TO DO: Could you please output all of the data exactly, without the images?

[Stored records]
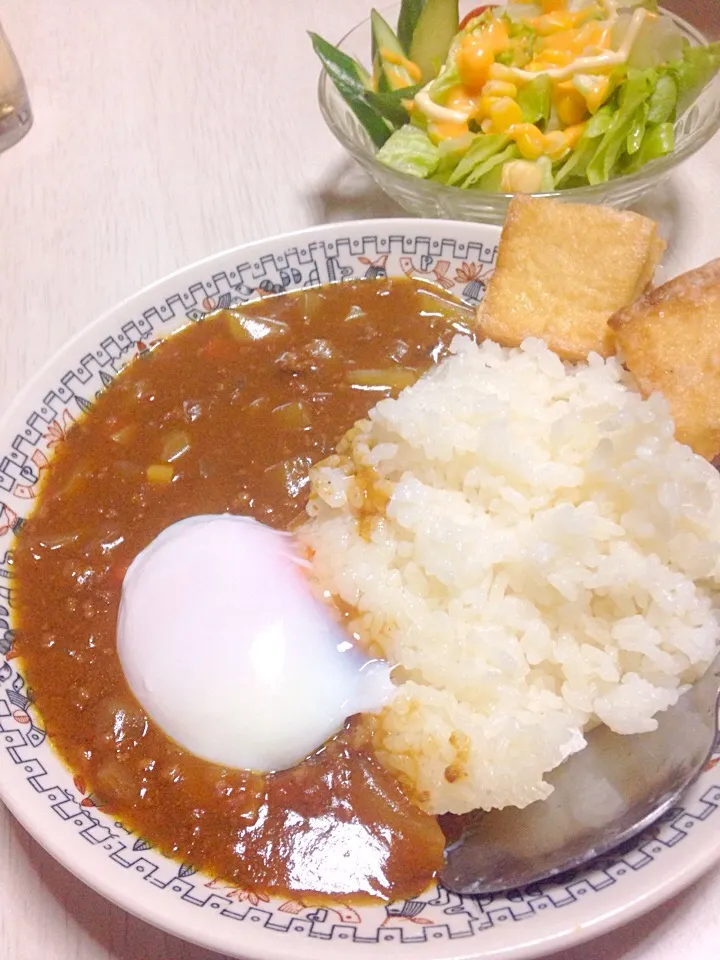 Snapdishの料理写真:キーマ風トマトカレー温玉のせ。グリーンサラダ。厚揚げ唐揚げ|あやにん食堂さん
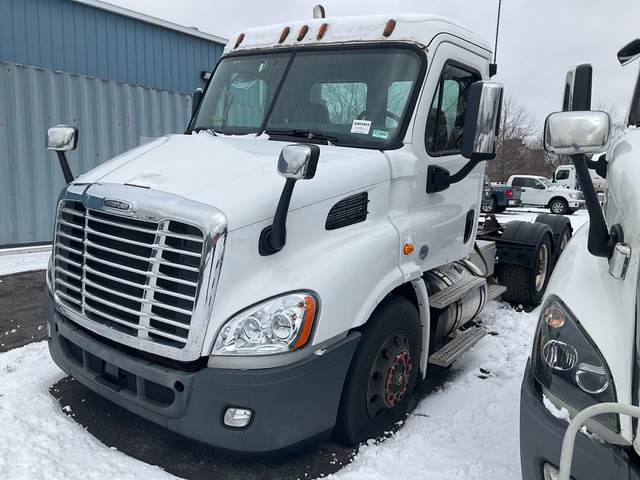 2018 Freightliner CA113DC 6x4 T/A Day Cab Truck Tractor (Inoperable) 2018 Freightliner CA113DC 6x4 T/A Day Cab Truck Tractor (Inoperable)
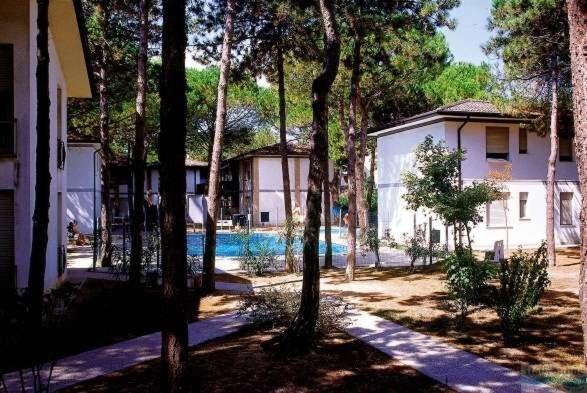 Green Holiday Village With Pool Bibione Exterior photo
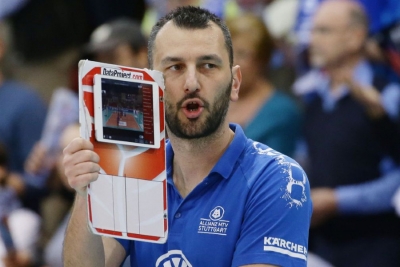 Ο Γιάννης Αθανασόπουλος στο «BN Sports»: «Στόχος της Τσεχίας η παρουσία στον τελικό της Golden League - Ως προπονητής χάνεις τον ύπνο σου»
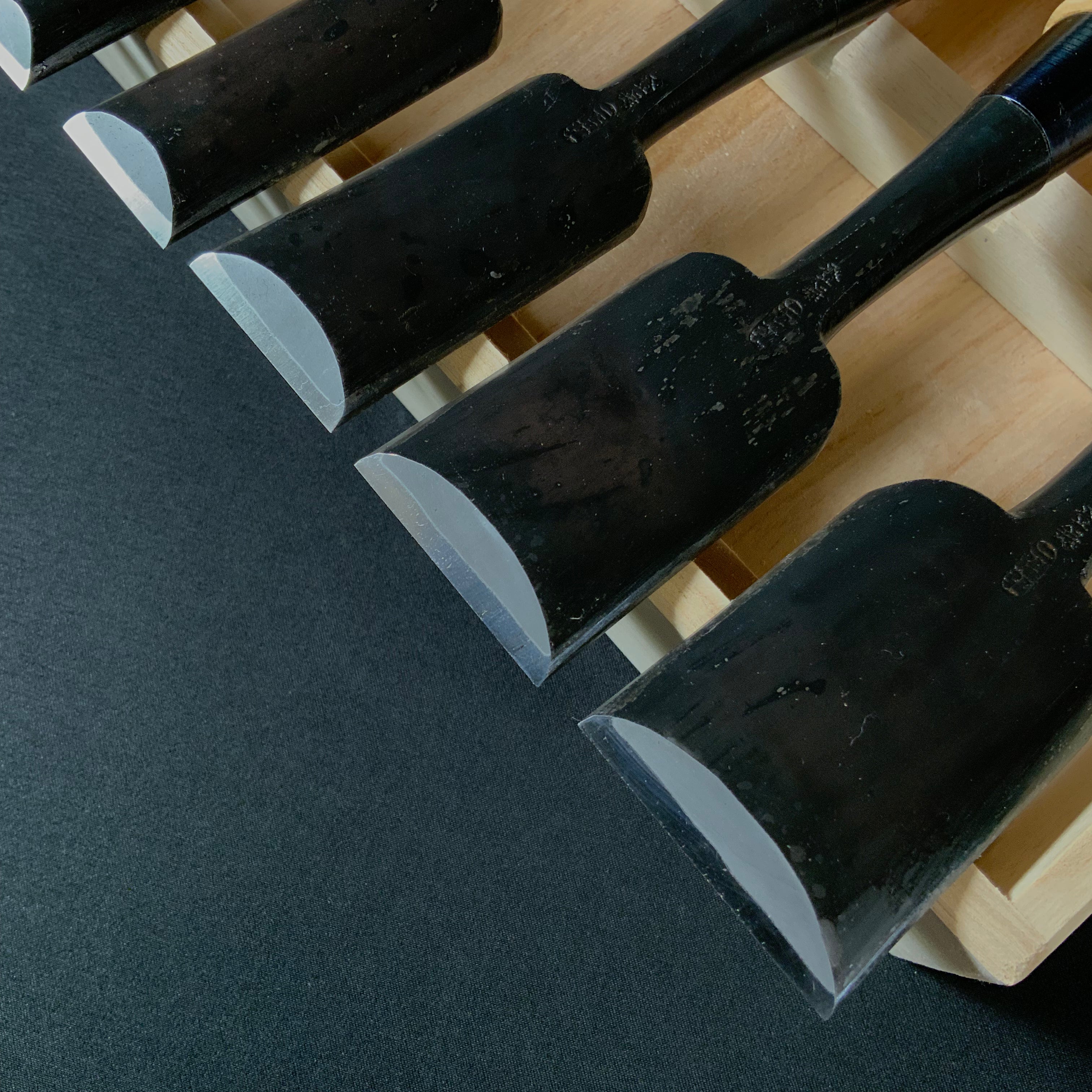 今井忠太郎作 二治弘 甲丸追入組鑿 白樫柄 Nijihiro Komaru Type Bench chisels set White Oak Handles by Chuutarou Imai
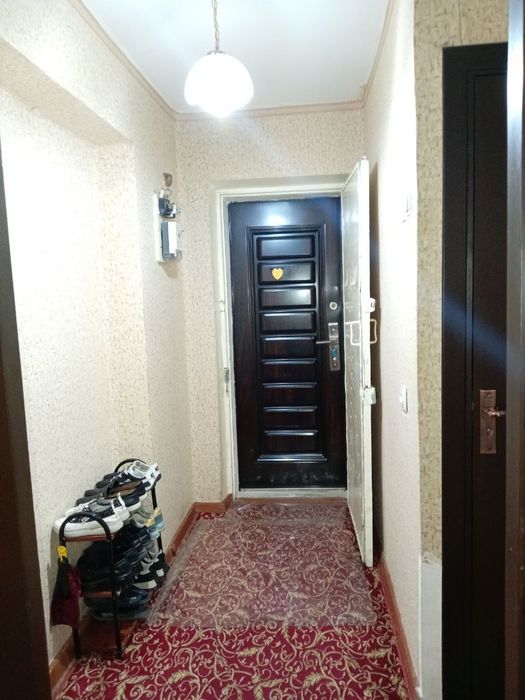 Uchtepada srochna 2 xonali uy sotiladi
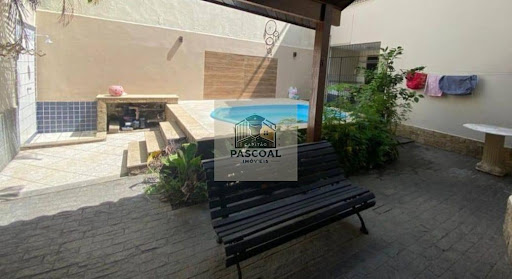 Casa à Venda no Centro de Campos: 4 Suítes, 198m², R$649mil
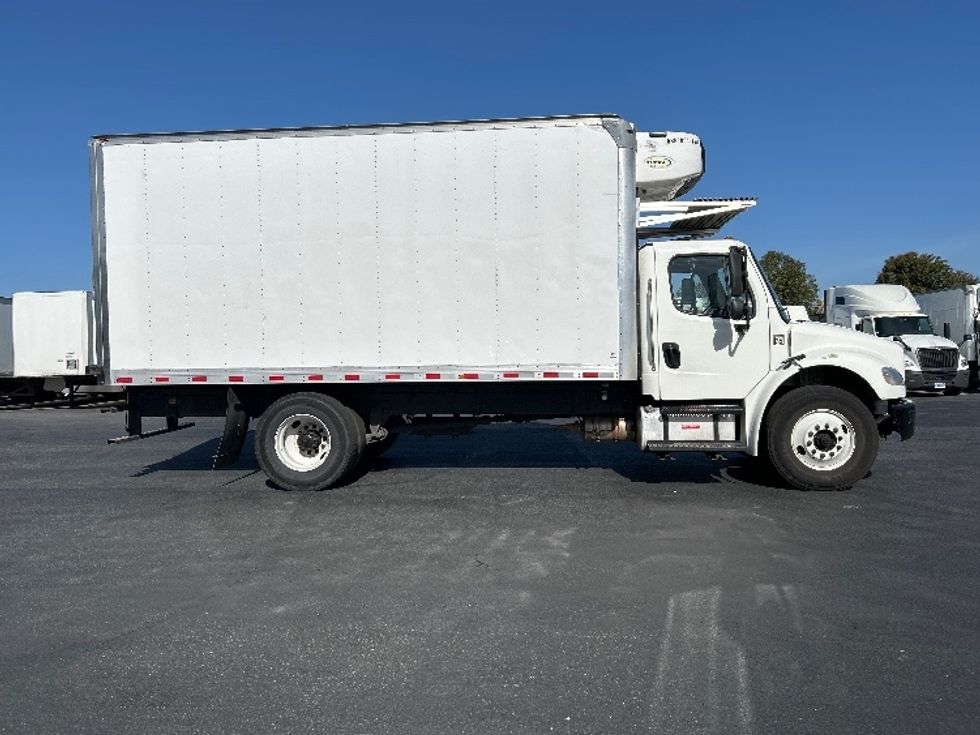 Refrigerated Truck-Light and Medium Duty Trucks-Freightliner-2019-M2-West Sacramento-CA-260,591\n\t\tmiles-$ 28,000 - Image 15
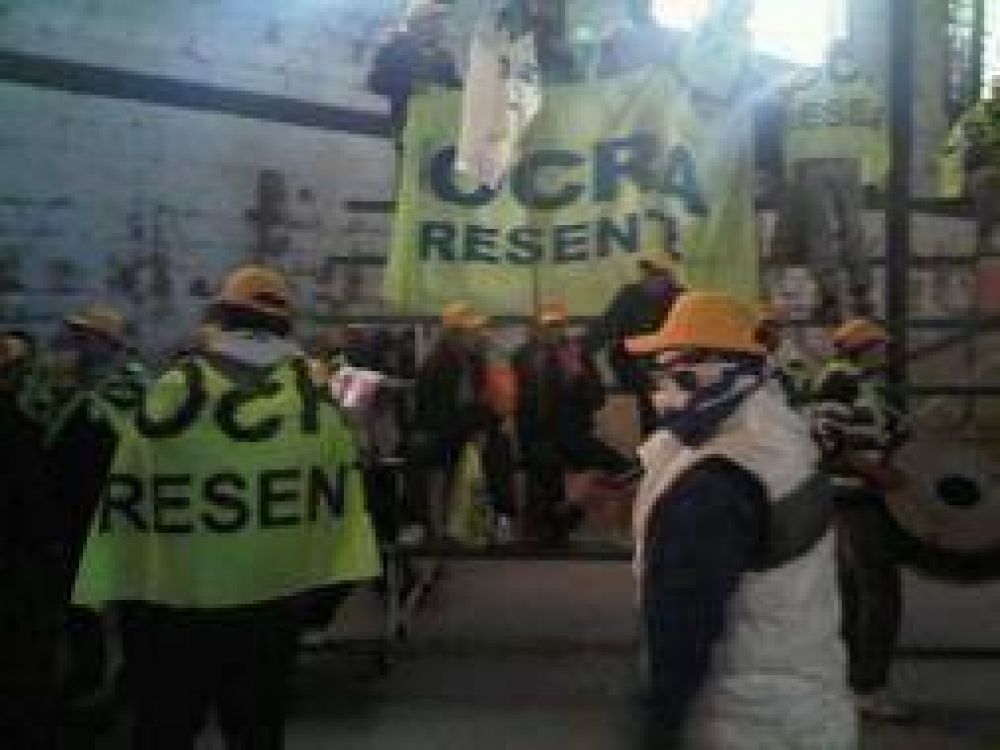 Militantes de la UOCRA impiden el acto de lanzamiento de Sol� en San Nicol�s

RESPONSE FOR THIS EXERCISE:
 Snapdishの料理写真:キーマ風トマトカレー温玉のせ。グリーンサラダ。厚揚げ唐揚げ|あやにん食堂さん
 2018 Freightliner CA113DC 6x4 T/A Day Cab Truck Tractor (Inoperable) 2018 Freightliner CA113DC 6x4 T/A Day Cab Truck Tractor (Inoperable)
 Green Holiday Village With Pool Bibione Exterior photo
 Ο Γιάννης Αθανασόπουλος στο «BN Sports»: «Στόχος της Τσεχίας η παρουσία στον τελικό της Golden League - Ως προπονητής χάνεις τον ύπνο σου»
 今井忠太郎作 二治弘 甲丸追入組鑿 白樫柄 Nijihiro Komaru Type Bench chisels set White Oak Handles by Chuutarou Imai
 Uchtepada srochna 2 xonali uy sotiladi
 Casa à Venda no Centro de Campos: 4 Suítes, 198m², R$649mil
 Refrigerated Truck-Light and Medium Duty Trucks-Freightliner-2019-M2-West Sacramento-CA-260,591\n\t\tmiles-$ 28,000 - Image 15
 Militantes de la UOCRA impiden el acto de lanzamiento de Sol� en San Nicol�s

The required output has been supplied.